Macromolecules, 33, 2000, pp. 8541-8548) discloses preparation of branch-block ethylene-butene polymer by reincorporation of vinyl terminated polyethylene, said branch-block polymer made by a combination of CP2ZrCL2 and (C5Me4SiMe2NC12H23)TiCl2 activated with methylalumoxane.
Moscardi et al. (Organometallics, 20, 2001, pp. 1918-1931) disclose the use of rac-dimethylsilylmethylenebis(3-t-butyl indenyl)zirconium dichloride with methylalumoxane in batch polymerizations of propylene to produce materials where “ . . . allyl end group always prevails over any other end groups, at any [propene].” In these reactions, morphology control was limited and approximately 60% of the chain ends are allylic.
Coates et al. (Macromolecules, 38, 2005, pp. 6259-6268) disclose preparation of low molecular weight syndiotactic polypropylene ([rm]=0.46-0.93) with about 100% allyl end groups using bis(phenoxyimine)titanium dichloride ((PHI)2TiCl2) activated with modified methyl alumoxane (MMAO; Al/Ti molar ratio=200) in batch polymerizations run between −20 and +20° C. for four hours. For these polymerizations, propylene was dissolved in toluene to create a 1.65 M toluene solution. Catalyst productivity was very low (0.95 to 1.14 g/mmol Ti/hr).
JP 2005-336092 A2 discloses the manufacture of vinyl-terminated propylene polymers using materials such as H2SO4 treated montmorillonite, triethylaluminum, triisopropyl aluminum, where the liquid propylene is fed into a catalyst slurry in toluene. This process produces substantially isotactic macromonomers that do not have a significant amount of amorphous material.
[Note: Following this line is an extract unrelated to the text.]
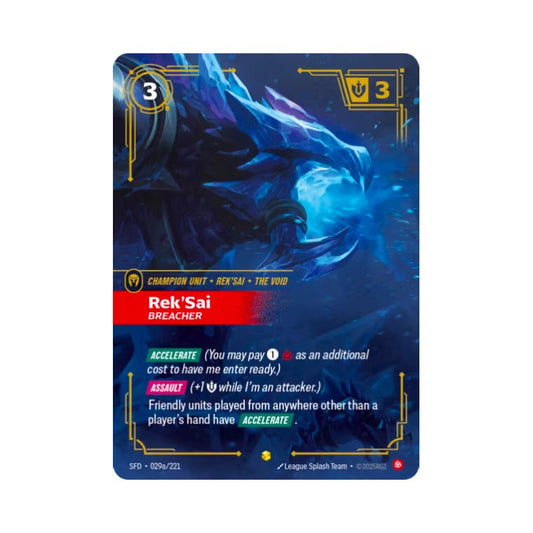 Rek'Sai - Breacher (SFD - 029a) - Cards Beyond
Rose et al. (Macromolecules, 41, 2008, pp. 559-567) disclose poly(ethylene-co-propylene) macromonomers not having significant amounts of iso-butyl chain ends. Those were made with bis(phenoxyimine) titanium dichloride ((PHI)2TiCl2) activated with modified methylalumoxane (MMAO; Al/Ti molar ratio range 150 to 292) in semi-batch polymerizations (30 psi propylene added to toluene at 0° C. for 30 min, followed by ethylene gas flow at 32 psi of over-pressure at about 0° C. for polymerization times of 2.3 to 4 hours to produce E-P copolymer having an Mn of about 4,800 to 23,300. In four reported copolymerizations, allylic chain ends decreased with increasing ethylene incorporation roughly according to the equation:% allylic chain ends (of total unsaturations)=−0.95(mol % ethylene incorporated)+100.
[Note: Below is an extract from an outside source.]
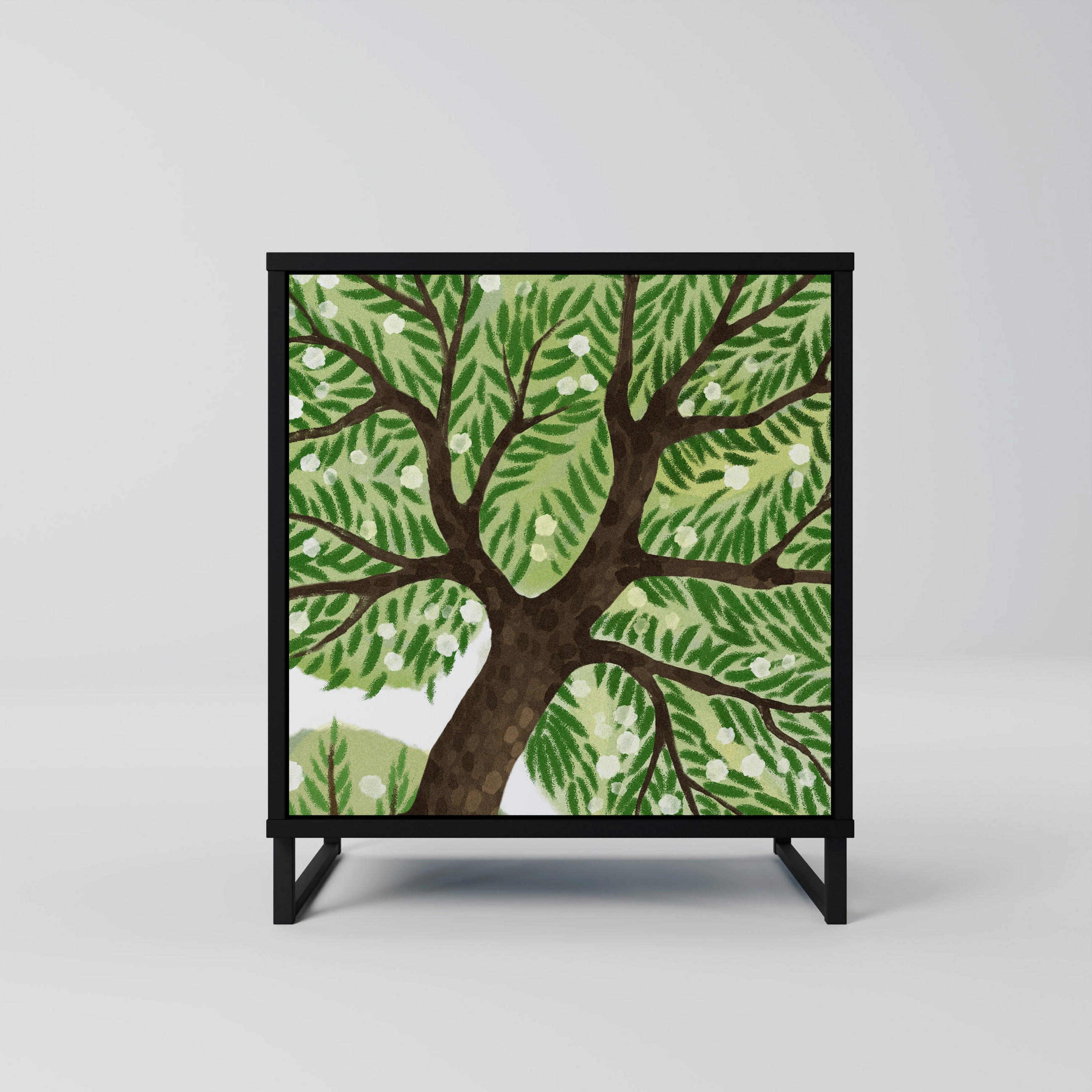 SpaceRebels Sideboard Schwarz 57.5x67.5x42 cm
For example, 65% allyl (compared to total unsaturation) was reported for E-P copolymer containing 29 mol % ethylene. This is the highest allyl population achieved. For 64 mol % incorporated ethylene, only 42% of the unsaturations are allylic. Productivity of these polymerizations ranged from 0.78×102 g/mmol Ti/hr to 4.62×102 g/mmol Ti/hr. Prior to this work, Zhu et al. reported only low (˜38%) vinyl terminated ethylene-propylene copolymer made with the constrained geometry metallocene catalyst [C5Me4(SiMe2N-tert-butyl)TiMe2 activated with B(C6F5)3 and MMAO (Macromolecules, 35, 2002, pp. 10062-10070 and Macromolecules Rap. Commun, 24, 2003, pp. 311-315).
Janiak and Blank summarize a variety of work related to oligomerization of olefins (Macromol. Symp., 236, 2006, pp. 14-22).
However, few catalysts have been shown to produce high allylic chain unsaturations in high yields, a wide range of molecular weight, and with high catalyst activity for propylene-based polymerizations, especially propylene-ethylene copolymerizations. Accordingly, there is need for new catalysts that produce vinyl terminated polymers in high yields, with a wide range of molecular weight, and with high catalyst activity. Further, there is a need for propylene based reactive materials having vinyl termination which can be functionalized and used in additive applications, or as macromonomers for the synthesis of poly(macromonomers).